+++ SUPPLIED DATA
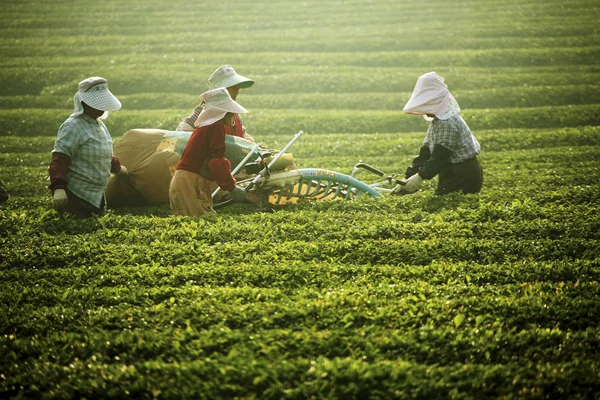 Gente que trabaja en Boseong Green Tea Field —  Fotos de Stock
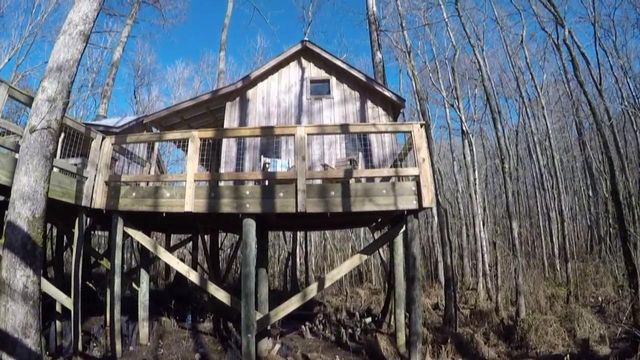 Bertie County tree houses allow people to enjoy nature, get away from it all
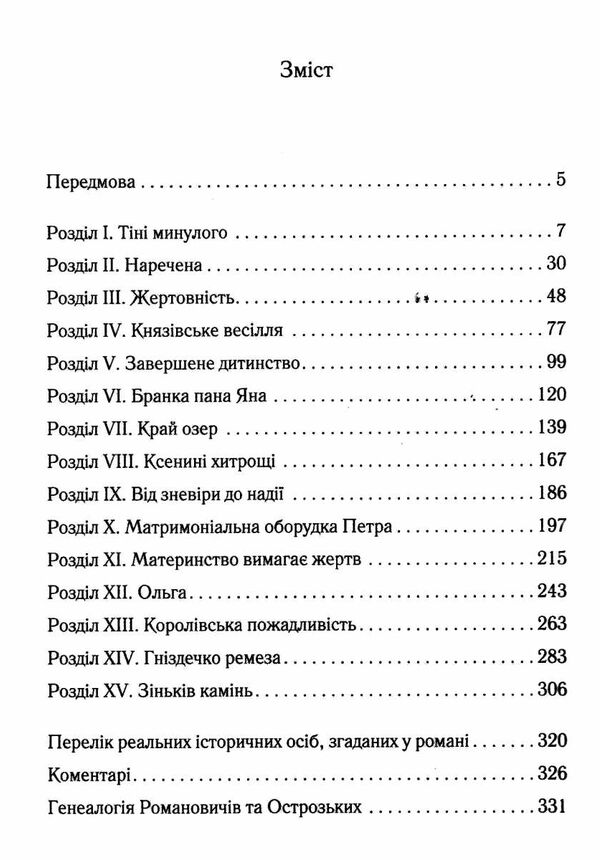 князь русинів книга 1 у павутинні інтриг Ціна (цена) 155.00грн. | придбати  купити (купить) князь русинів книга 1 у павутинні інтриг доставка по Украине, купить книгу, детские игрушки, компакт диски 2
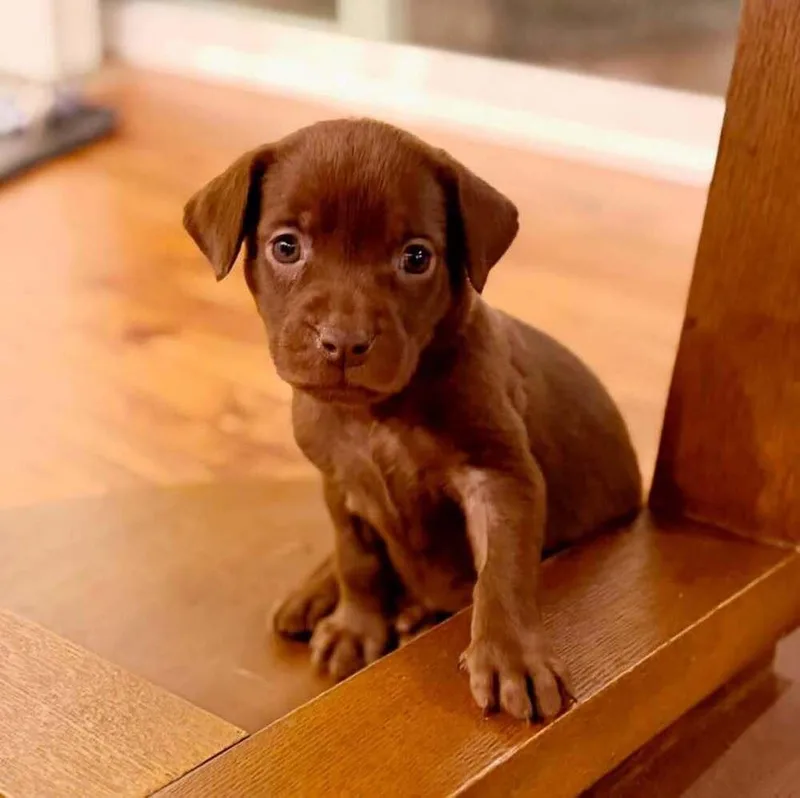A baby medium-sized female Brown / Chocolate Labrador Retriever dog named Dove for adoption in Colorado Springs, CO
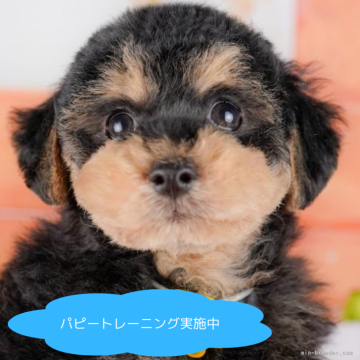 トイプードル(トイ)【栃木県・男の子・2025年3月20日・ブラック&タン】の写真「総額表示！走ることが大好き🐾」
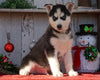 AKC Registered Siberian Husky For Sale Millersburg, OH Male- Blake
++++++
● EXERCISE INSTRUCTIONS
All lines from the start of the entries through the one with "князь русинів книга 1 у павутинні інтриг Ціна" are to be output exactly; omit the pictures.

● ANSWER SPACE
 Gente que trabaja en Boseong Green Tea Field —  Fotos de Stock
 Bertie County tree houses allow people to enjoy nature, get away from it all
 князь русинів книга 1 у павутинні інтриг Ціна (цена) 155.00грн. | придбати  купити (купить) князь русинів книга 1 у павутинні інтриг доставка по Украине, купить книгу, детские игрушки, компакт диски 2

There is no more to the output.